DATASET RECORDS >>

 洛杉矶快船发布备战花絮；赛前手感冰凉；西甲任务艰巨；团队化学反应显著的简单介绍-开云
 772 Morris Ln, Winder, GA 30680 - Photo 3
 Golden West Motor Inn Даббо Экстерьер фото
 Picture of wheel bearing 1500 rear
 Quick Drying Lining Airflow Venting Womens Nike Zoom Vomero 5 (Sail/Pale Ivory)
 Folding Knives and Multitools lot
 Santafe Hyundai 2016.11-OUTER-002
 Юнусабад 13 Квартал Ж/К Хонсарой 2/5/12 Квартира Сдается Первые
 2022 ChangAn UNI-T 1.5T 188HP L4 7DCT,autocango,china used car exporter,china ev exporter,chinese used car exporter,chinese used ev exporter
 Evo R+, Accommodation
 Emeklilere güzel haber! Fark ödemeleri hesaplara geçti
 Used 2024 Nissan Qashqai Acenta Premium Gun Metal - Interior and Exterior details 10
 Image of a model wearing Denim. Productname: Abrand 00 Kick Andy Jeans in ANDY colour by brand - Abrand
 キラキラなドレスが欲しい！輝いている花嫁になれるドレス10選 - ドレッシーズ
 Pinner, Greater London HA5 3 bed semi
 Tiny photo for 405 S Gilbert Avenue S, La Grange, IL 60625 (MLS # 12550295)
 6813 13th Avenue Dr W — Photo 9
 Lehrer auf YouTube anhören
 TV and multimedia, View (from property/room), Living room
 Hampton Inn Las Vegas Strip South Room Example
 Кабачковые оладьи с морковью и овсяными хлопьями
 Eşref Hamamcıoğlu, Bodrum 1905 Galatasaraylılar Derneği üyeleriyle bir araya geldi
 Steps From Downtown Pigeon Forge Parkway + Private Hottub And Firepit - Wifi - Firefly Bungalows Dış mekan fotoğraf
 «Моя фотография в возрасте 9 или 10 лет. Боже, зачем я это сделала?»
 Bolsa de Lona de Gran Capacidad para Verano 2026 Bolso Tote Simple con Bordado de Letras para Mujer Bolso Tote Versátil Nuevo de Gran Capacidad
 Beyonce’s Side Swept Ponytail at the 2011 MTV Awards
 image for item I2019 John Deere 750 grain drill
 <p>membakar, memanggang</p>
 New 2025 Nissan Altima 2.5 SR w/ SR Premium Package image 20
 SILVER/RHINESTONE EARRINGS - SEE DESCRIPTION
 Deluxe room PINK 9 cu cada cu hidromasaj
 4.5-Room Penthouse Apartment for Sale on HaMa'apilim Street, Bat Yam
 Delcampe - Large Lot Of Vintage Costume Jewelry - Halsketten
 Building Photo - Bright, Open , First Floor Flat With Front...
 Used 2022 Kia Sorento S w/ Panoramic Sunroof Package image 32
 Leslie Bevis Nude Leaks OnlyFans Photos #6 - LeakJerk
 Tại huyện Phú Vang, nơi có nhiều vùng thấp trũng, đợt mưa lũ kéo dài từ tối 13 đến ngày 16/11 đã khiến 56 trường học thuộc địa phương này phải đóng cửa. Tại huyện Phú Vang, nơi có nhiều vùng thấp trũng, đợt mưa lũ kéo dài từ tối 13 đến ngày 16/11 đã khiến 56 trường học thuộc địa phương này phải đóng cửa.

PROBLEM DETAILS >>
Report every line in the data that holds "Premium", copying each one.

PROBLEM SOLUTION >>
 Used 2024 Nissan Qashqai Acenta Premium Gun Metal - Interior and Exterior details 10
 New 2025 Nissan Altima 2.5 SR w/ SR Premium Package image 20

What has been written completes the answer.